WHAT YOU WILL DO:
Go to the line with "Oxidant Material Hazard Symbol Label" in the entries below and write out every line from there through the line with "Classic OG Brown", exactly and without pictures.

─── DATA FOR THIS EXERCISE

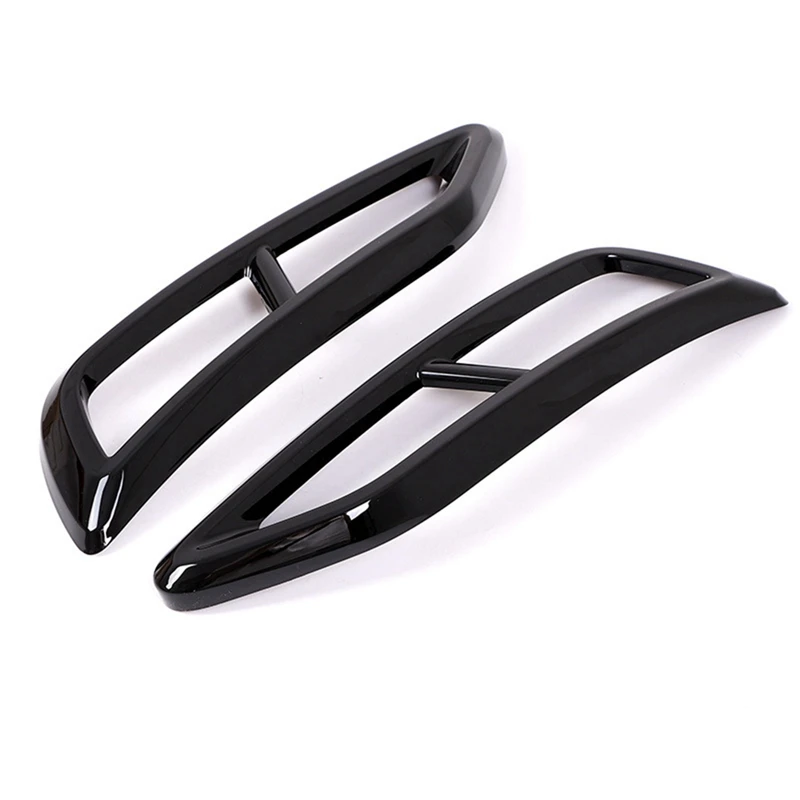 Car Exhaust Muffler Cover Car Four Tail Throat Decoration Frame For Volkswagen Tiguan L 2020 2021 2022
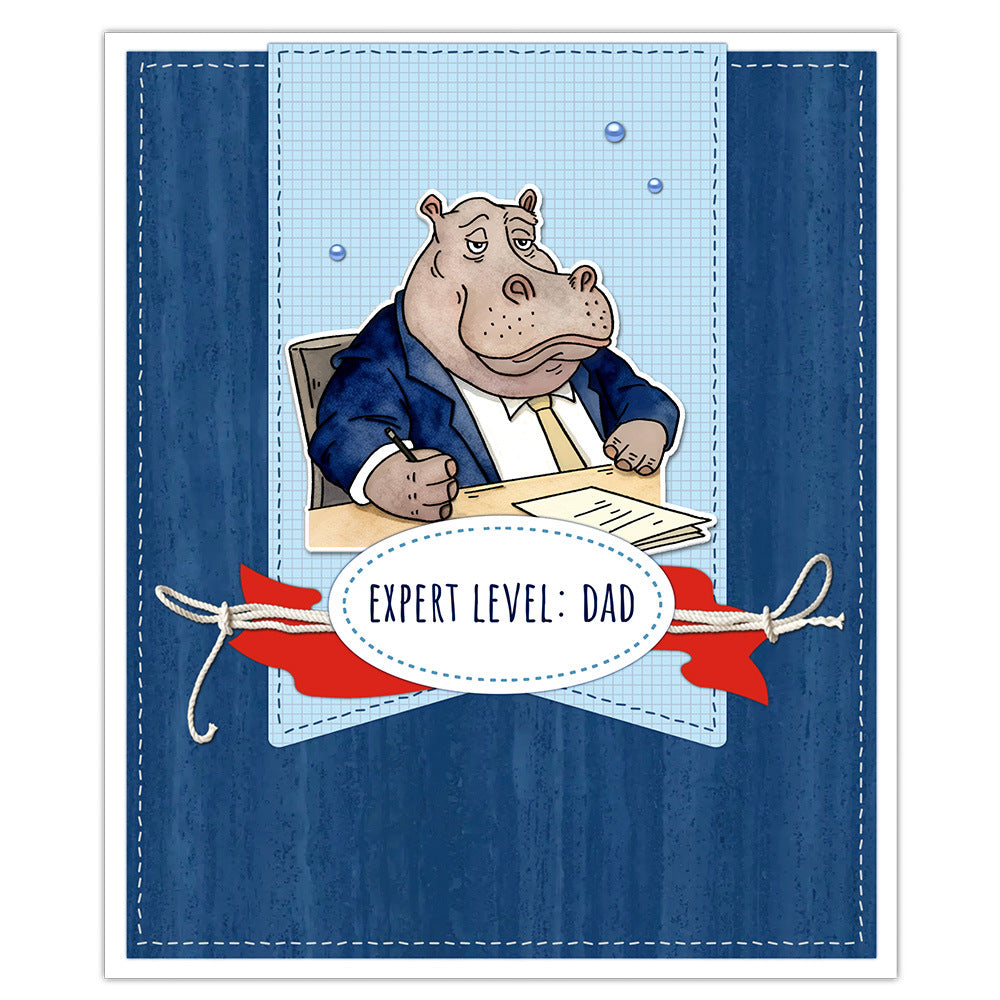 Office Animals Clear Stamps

──────
─── DATA FOR THIS EXERCISE

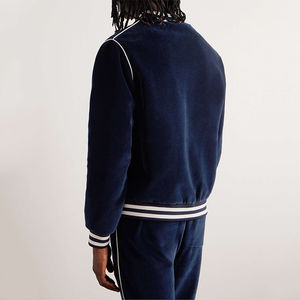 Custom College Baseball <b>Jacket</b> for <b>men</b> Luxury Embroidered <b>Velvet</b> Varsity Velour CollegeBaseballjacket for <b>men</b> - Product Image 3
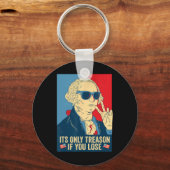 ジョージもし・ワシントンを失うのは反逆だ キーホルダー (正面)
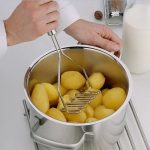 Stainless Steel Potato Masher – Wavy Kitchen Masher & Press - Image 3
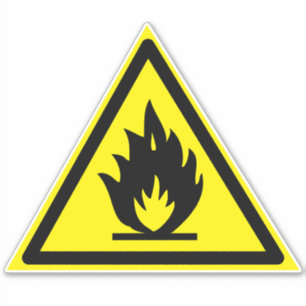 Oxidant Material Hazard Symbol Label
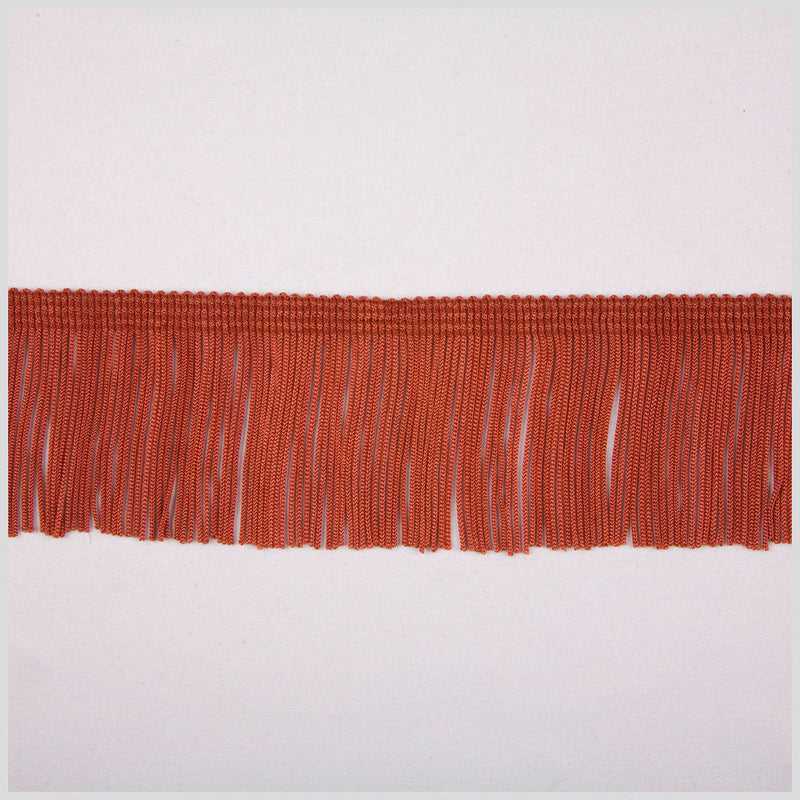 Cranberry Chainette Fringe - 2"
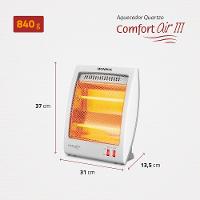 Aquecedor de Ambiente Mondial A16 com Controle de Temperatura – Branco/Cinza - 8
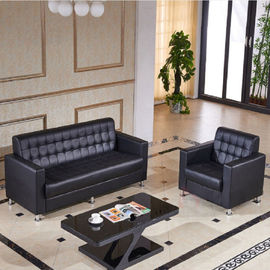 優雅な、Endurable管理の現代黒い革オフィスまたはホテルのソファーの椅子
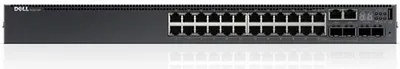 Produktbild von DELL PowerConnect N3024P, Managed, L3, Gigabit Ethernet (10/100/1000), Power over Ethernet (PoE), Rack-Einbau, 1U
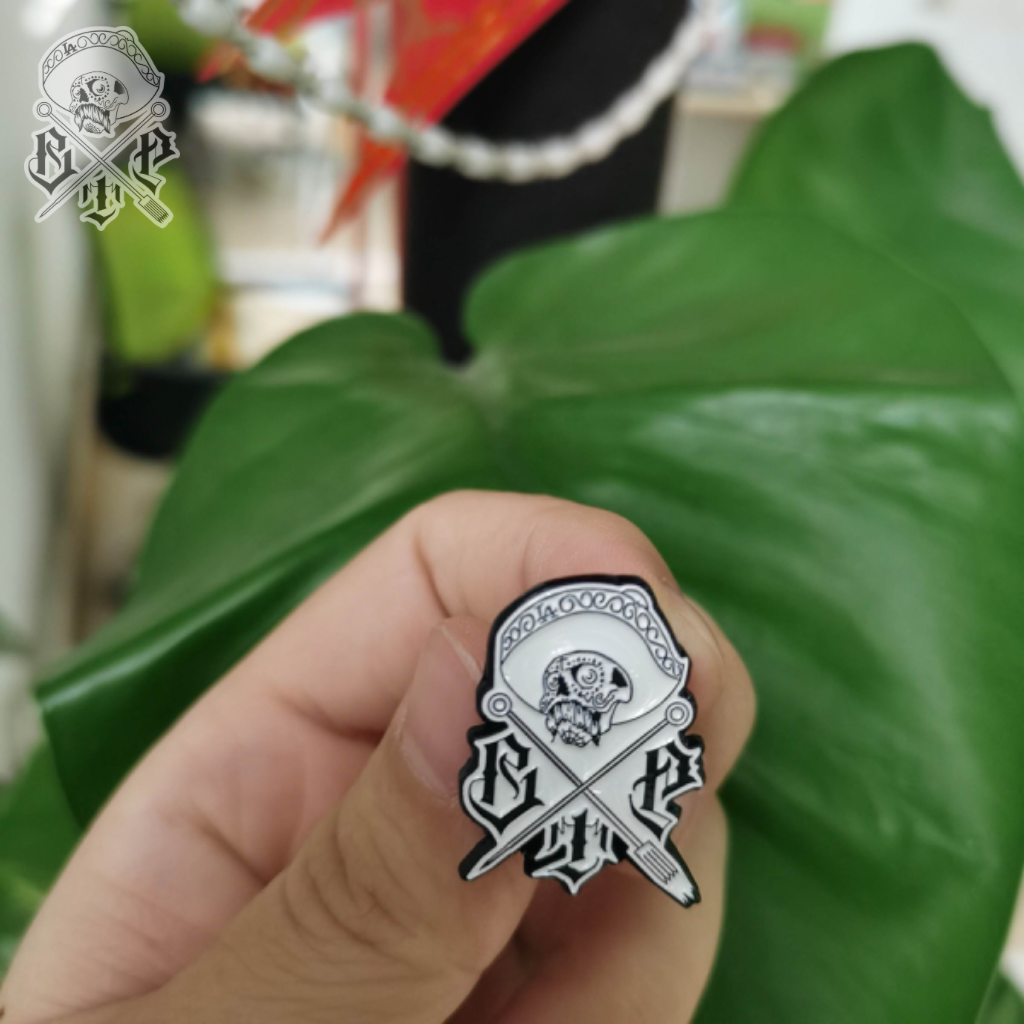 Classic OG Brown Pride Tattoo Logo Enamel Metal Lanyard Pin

──────
─── DATA FOR THIS EXERCISE

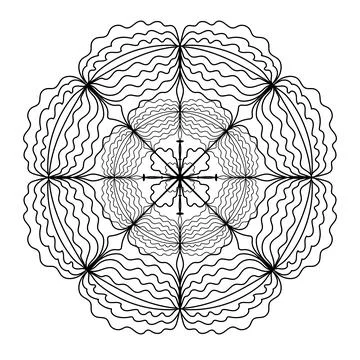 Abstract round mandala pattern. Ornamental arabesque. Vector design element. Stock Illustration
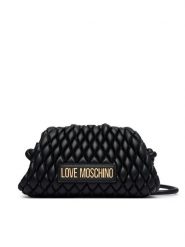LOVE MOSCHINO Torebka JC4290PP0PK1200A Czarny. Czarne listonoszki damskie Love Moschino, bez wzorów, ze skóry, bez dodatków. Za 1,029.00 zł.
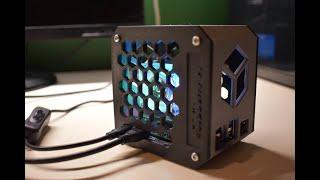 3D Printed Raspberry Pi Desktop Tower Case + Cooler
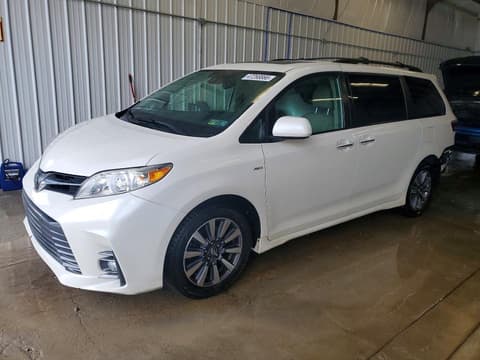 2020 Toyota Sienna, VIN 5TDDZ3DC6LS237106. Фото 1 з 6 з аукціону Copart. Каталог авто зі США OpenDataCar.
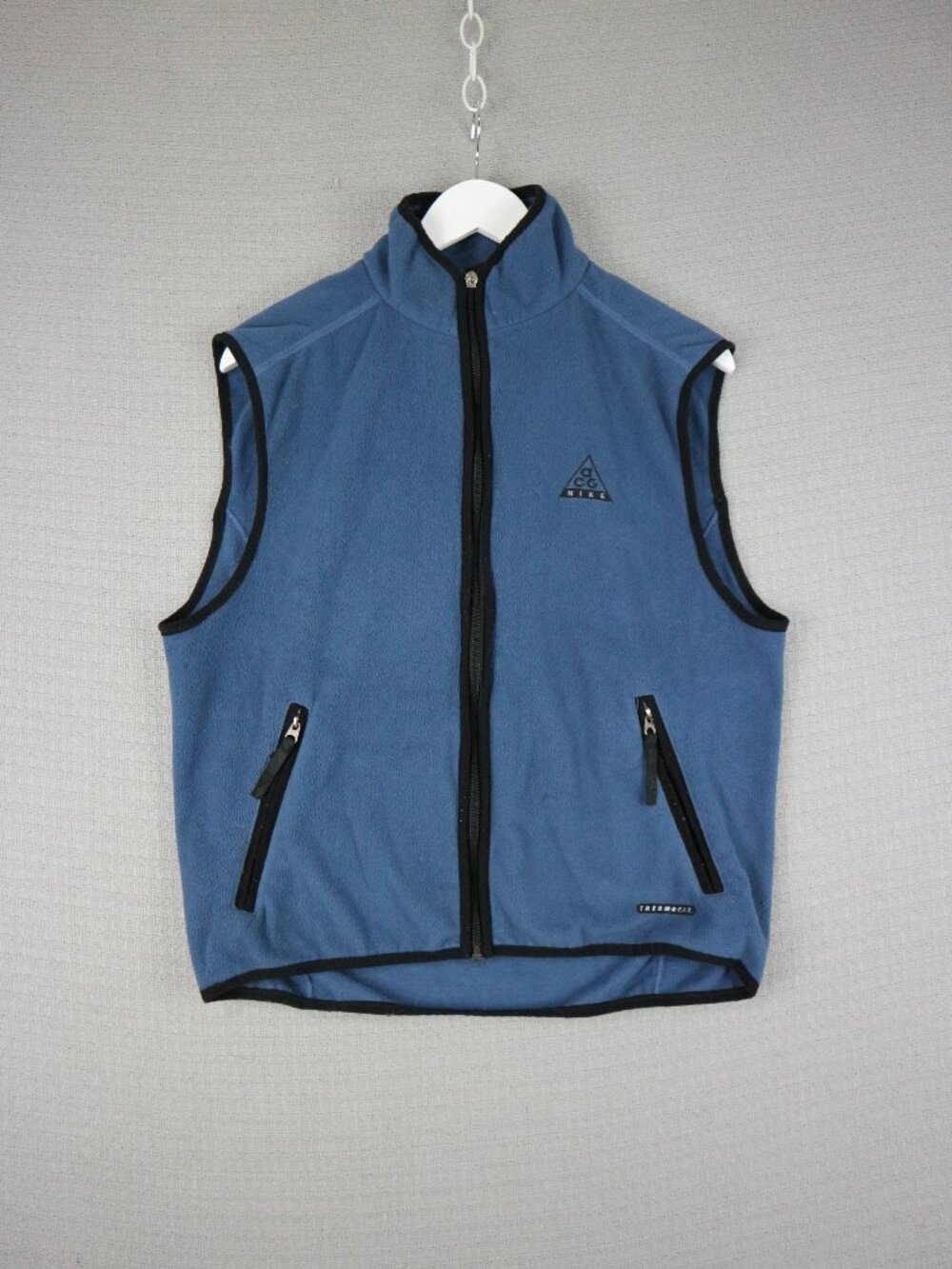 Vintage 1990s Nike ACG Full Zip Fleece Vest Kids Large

──────

EXPECTED ANSWER:
 Oxidant Material Hazard Symbol Label
 Cranberry Chainette Fringe - 2"
 Aquecedor de Ambiente Mondial A16 com Controle de Temperatura – Branco/Cinza - 8
 優雅な、Endurable管理の現代黒い革オフィスまたはホテルのソファーの椅子
 Produktbild von DELL PowerConnect N3024P, Managed, L3, Gigabit Ethernet (10/100/1000), Power over Ethernet (PoE), Rack-Einbau, 1U
 Classic OG Brown Pride Tattoo Logo Enamel Metal Lanyard Pin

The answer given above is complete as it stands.